PyMuPDF
PyMuPDF copied to clipboard
There is an issue with the image generated by the page.get_pixmap() function
Description of the bug
img_test.pdf The image converted through the page.get_pixmap() function has characters that were not originally present in the PDF. The source file has characters that appear to be 'From (Shipper) 发件人', but the actual image displayed does not match the PDF. The converted image is like this, with the red box indicating the error. You can compare it with img_test. pdf for comparison
How to reproduce the bug
here is the code i used to generate image
''' import fitz document = fitz.open('./data/img_test.pdf') page = document.load_page(0) rotate = int(0) zoom_x, zoom_y = 2, 2 trans = fitz.Matrix(zoom_x, zoom_y).prerotate(rotate) pix = page.get_pixmap(matrix=trans, alpha=False) pix.save('data/img_test.png') ''' what should I do to get the correct picture
PyMuPDF version
1.23.7 or earlier
Operating system
Windows
Python version
3.8
Submitted bug report in https://bugs.ghostscript.com/show_bug.cgi?id=707451.
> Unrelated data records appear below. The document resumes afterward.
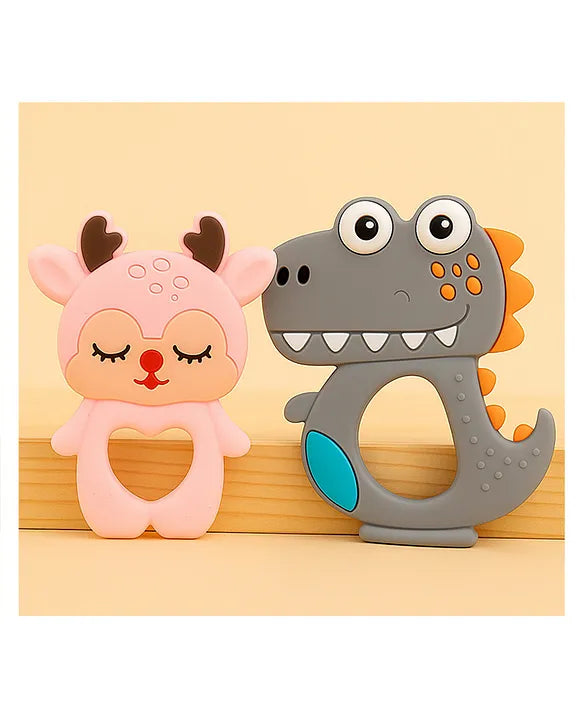 KIDS BASIC Dinosaur Shape & Reindeer Shape Silicone Teether , BPA Free & Safe for Babies (Pack of 2)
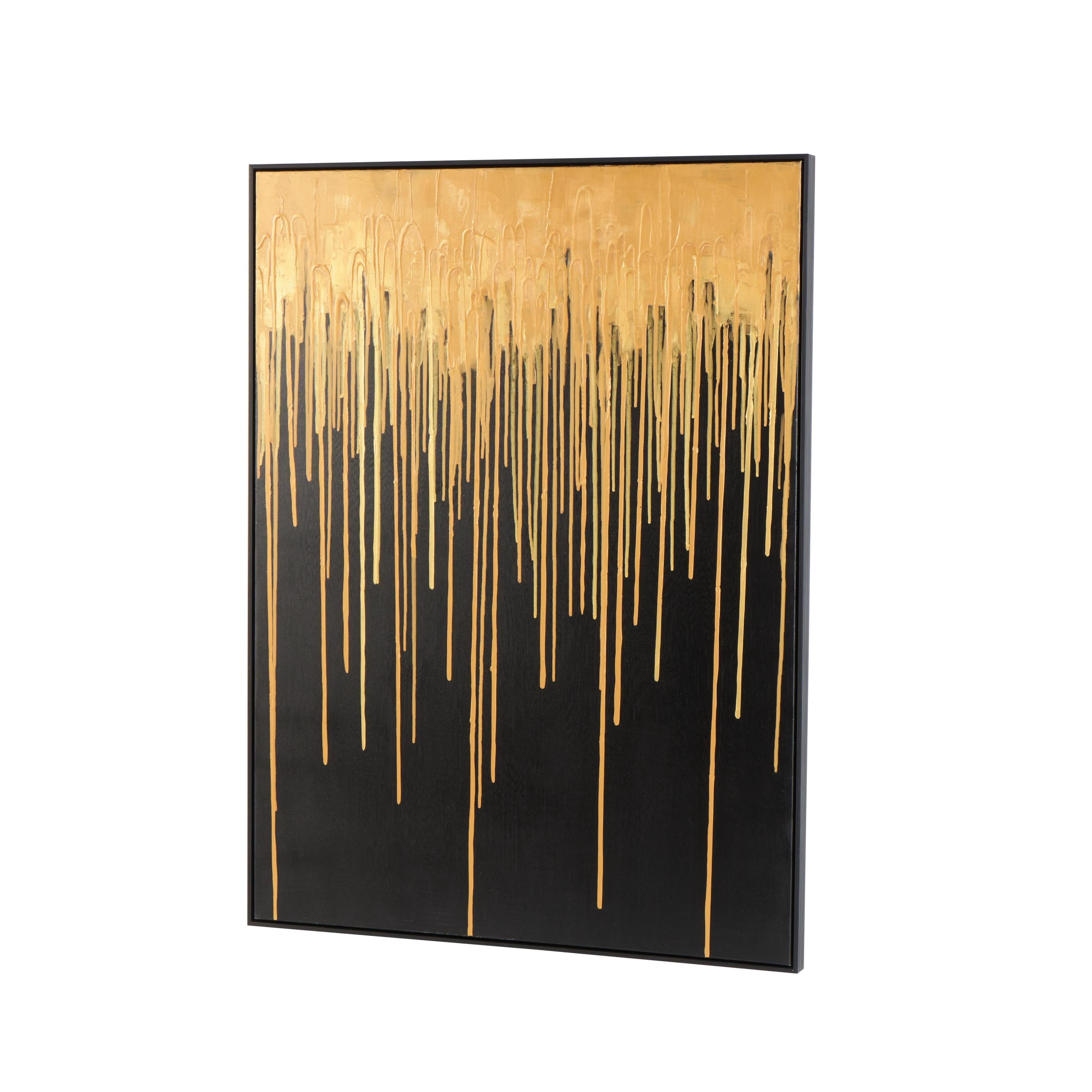 36" x 48" Melting Drip Abstract Framed Wall Art with Black Frame, by DecMode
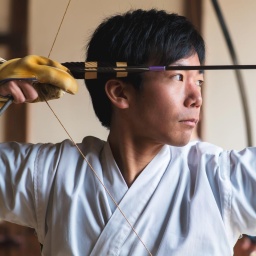 Porträt eines jungen japanischen Mannes, der konzentriert seinen Bogen aufspannt.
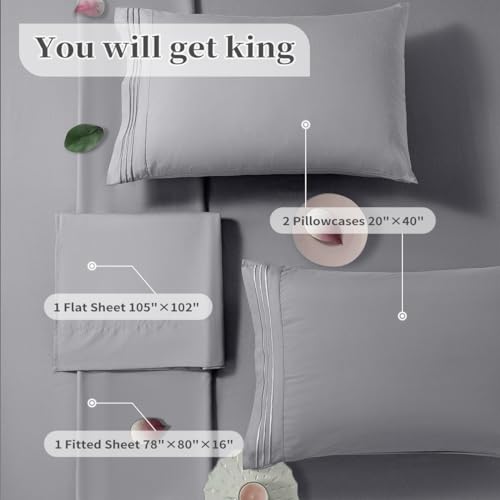 Shilucheng SJTKG121GY King Size Sheet Set - Breathable & Cooling Bed Sheets - Soft 1800 Thread Count Microfiber Hotel Sheets thumb #4
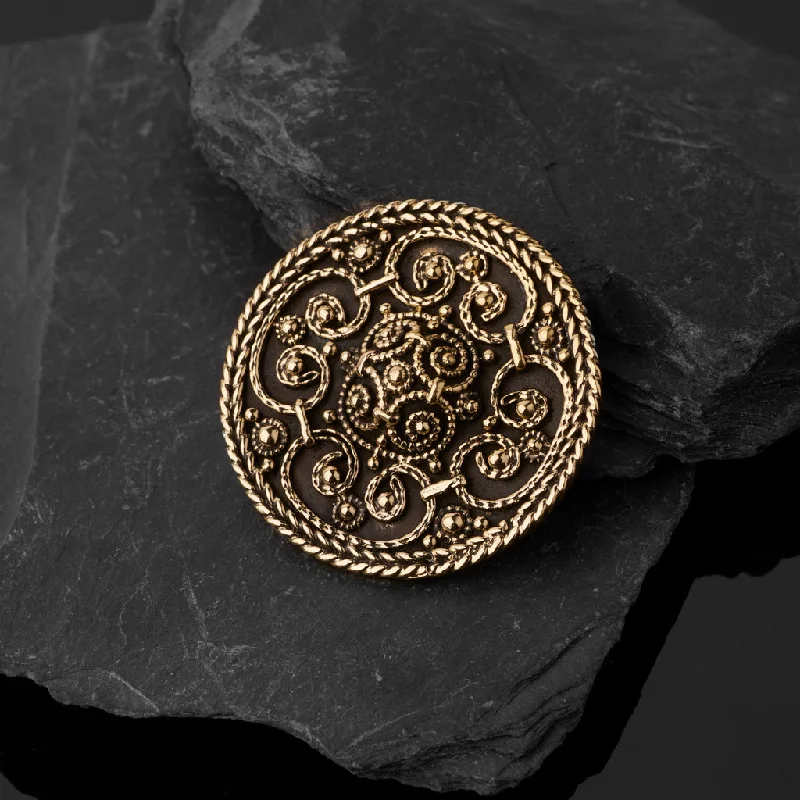 ladies hammered gold brooch -Premium Filigree Brooch, Bronze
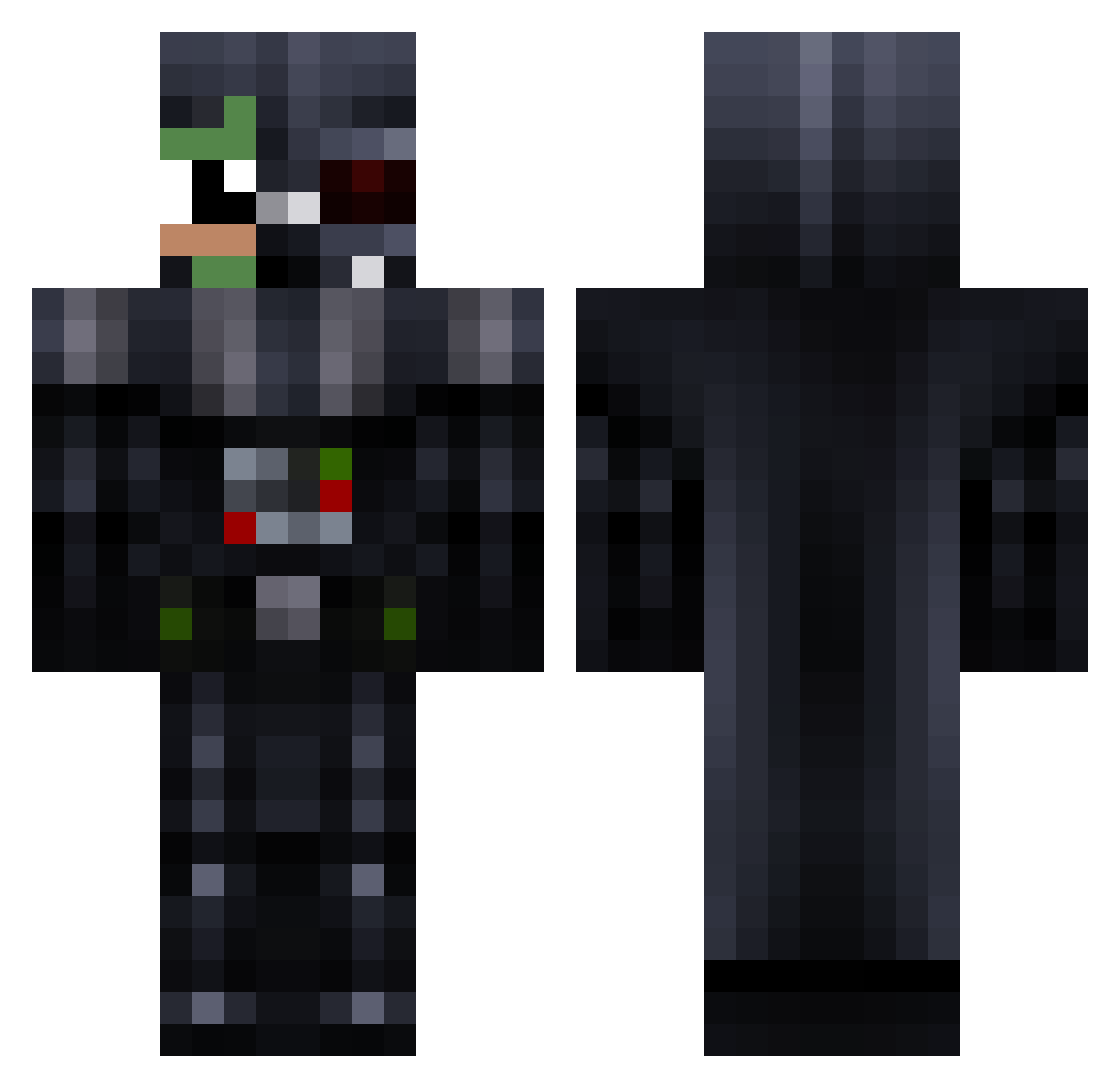 Muckinger Minecraft skin, front and back view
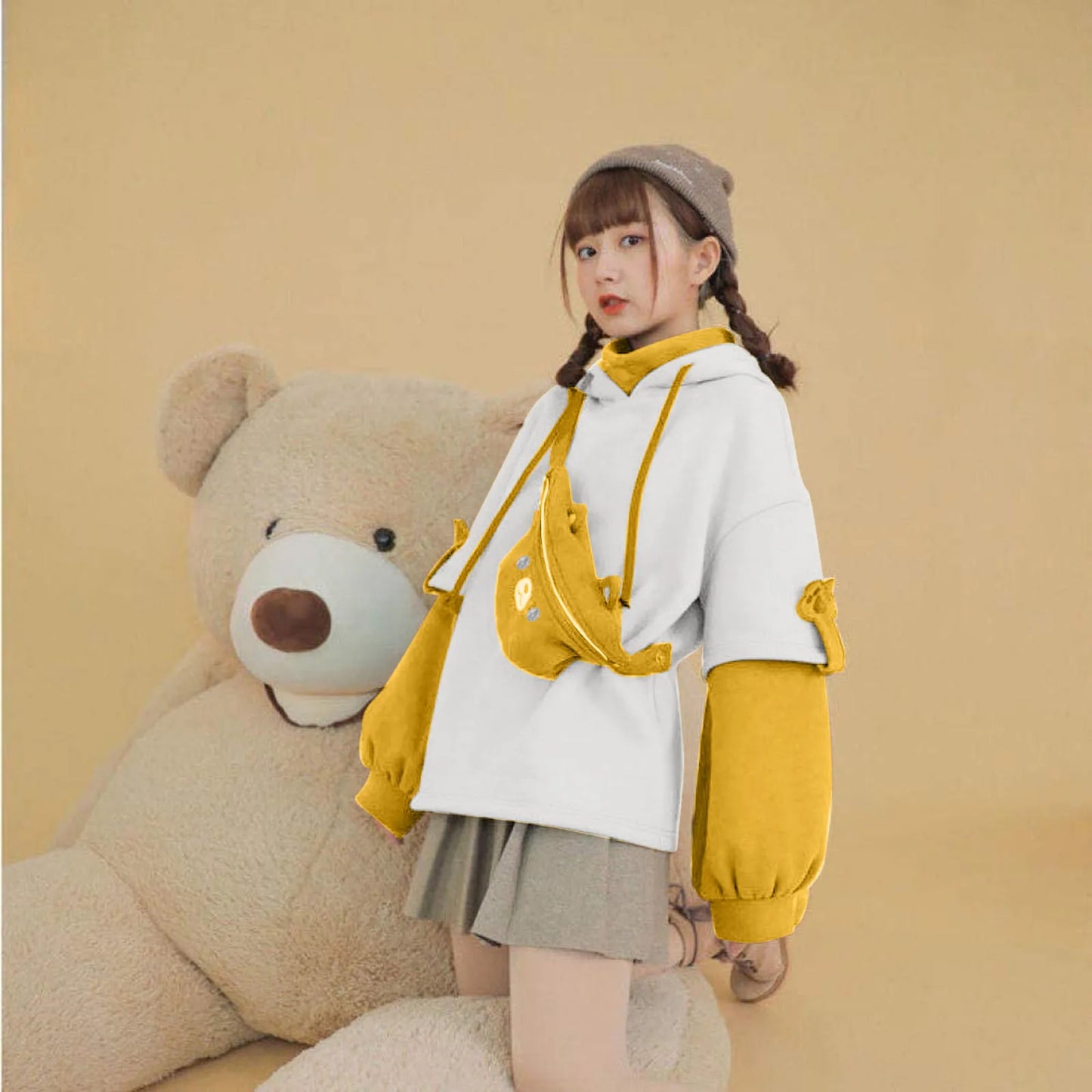 Hoodie Oversize Kawaii avec Sac Ours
Just FYI, that file renders incorrectly in Evince on Fedora GNU/Linux (which is completely independent of PyMuPDF).
Just FYI, that file renders incorrectly in Evince on Fedora GNU/Linux (which is completely independent of PyMuPDF).
Thanks for this Colin. Yeah, maybe there is a general issue with these files. I am sure we will soon here from our friends at MuPDF.
The file does indeed look broken. We have a fix in 1.24 that improves it.
The text now says "1 Front(Shipper)", albeit with dodgy spacing.
Essentially, it's a broken file, and we're doing as well with it as we can.
The commit in question is:
https://git.ghostscript.com/?p=mupdf.git;a=commitdiff;h=0a5b60420
I'll see about pulling this back to 1.23.x so you can get access to it soon.
The MuPDF team has developed a fix that will at least improve the rendering of this type of pages.
Fixed in 1.24.0.